# What to do
Pictures in the records below must be left out. Return exactly the lines from the line with "[upl. by Deery]" to the line with "SOFA FREY CIEMNE MORZE CHROMOWANE NOGI", both included.

# Entries provided
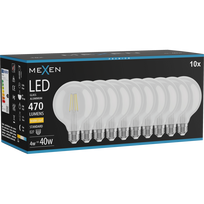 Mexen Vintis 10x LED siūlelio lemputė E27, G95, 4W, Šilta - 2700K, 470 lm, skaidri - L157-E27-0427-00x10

---

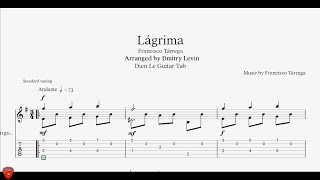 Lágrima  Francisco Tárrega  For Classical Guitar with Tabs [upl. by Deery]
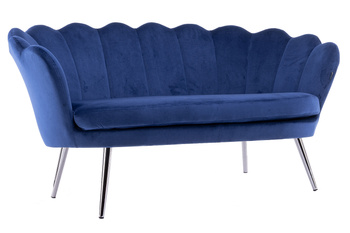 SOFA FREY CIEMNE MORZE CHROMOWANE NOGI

* * *

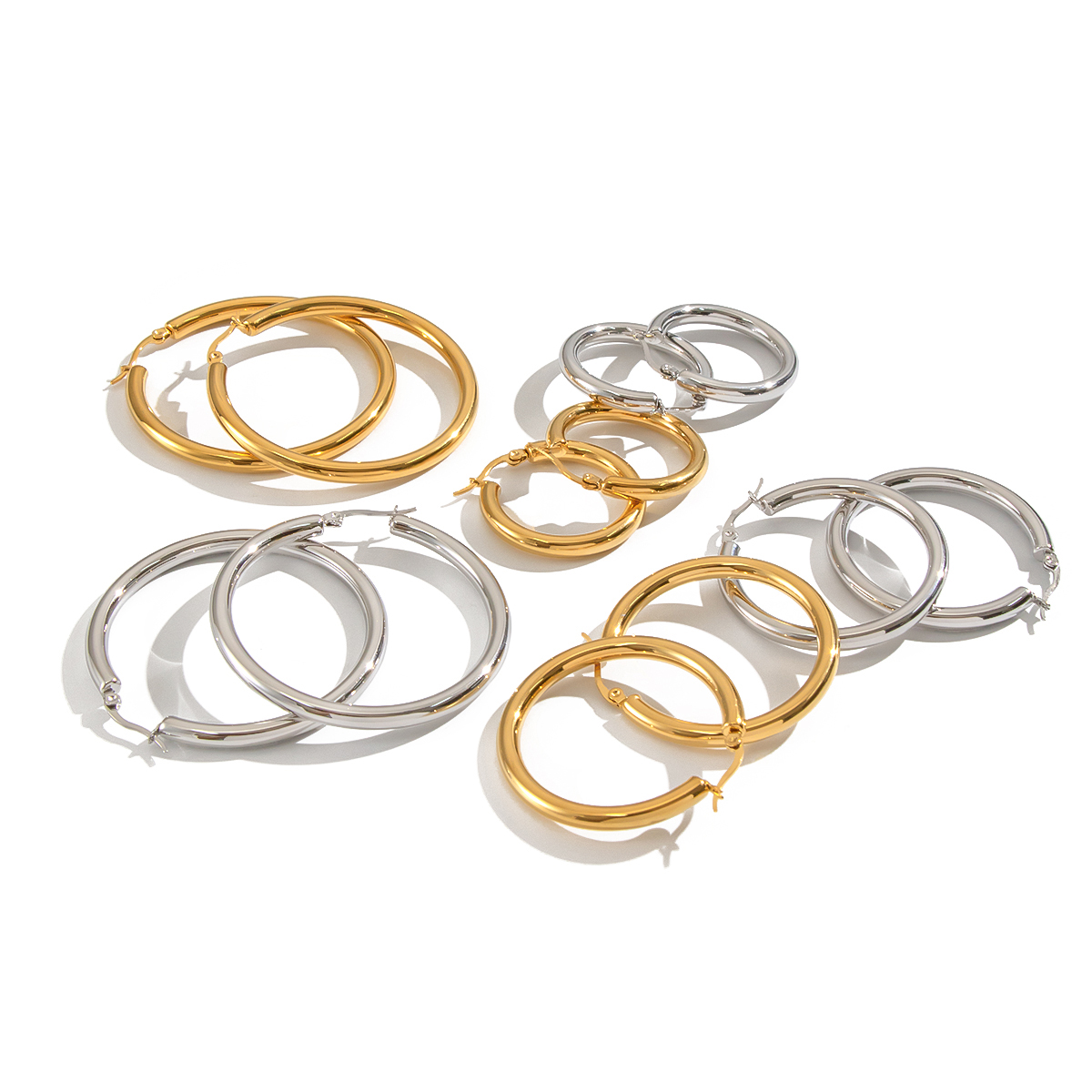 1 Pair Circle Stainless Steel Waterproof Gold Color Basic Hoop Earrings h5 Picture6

# Final answer
 Lágrima  Francisco Tárrega  For Classical Guitar with Tabs [upl. by Deery]
 SOFA FREY CIEMNE MORZE CHROMOWANE NOGI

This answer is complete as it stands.